PERSONAL: Born June 13, 1953, in Hobart, Tasmania, Australia; married; wife's name Marcy. Education: Avondale College, B.A., 1982; Pacific Union College, B.Ed., 1982; Andrews University, M.A. (American literature and creative writing), 1984.


ADDRESSES: Home—Victoria, Australia. Offıce—Victoria University, Box 14428, Melbourne MC 8001, Victoria, Australia. E-mail—[email protected].


CAREER: Victoria University, Melbourne, Victoria, Australia, lecturer in communication and professional writing, 1990—. National Trust of Victoria, member of buildings classification committee; consultant historian.


WRITINGS:


Cemeteries: Our Heritage, National Trust (Victoria, Australia), 1993.

Duchess: The Story of the Windsor Hotel, Loch Haven (Main Ridge, Victoria, Australia), 1994.

Clark Gable: Biography, Filmography, Bibliography, McFarland & Co. (Jefferson, NC), 2002.


SIDELIGHTS: Chrystopher J. Spicer told CA: "There is so much about people's lives that is easily lost, yet lives are the weave of history's tapestry. Our present is poorer for the loss of our past, so I am motivated to explore people's lives and by doing so to inspire the lives of others.

"One of the great observers of life around him, even though he cast much of it in fictional form, was the American writer John O'Hara, whose work I never tire of reading. I've been influenced by the English diarist Samuel Pepys, by the natural-world observations of Annie Dillard, by the life of Jack London, and by the travels of William Least-Heat Moon.

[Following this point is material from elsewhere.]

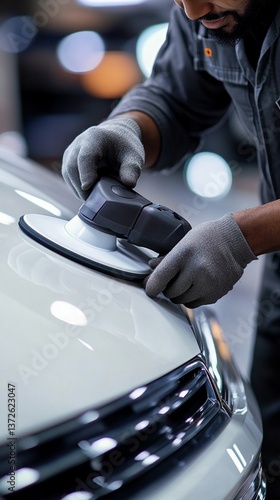 Obraz na płótnie Professional detailing of luxury vehicle surface with precision orbital polisher in automotive workshop setting w salonie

"My writing always begins with thinking until I begin to see a way ahead into my research, upon which my writing is firmly based. Once my research is there in front of me, I look for a shape within it. Everyone's life is shaped differently, and I look for a shape that will fit best the telling of the life.

"Our lives are revealed in many places, in different ways. They are revealed in our homes, our friends, our families, our work, our interests, travel, cities and towns, and finally by where we come to rest. All these add up to become the sum of us, to become who we are."


BIOGRAPHICAL AND CRITICAL SOURCES:


periodicals


Library Journal, March 15, 2002, Rosalind Dayen, review of Clark Gable: Biography, Filmography, Bibliography, p. 83.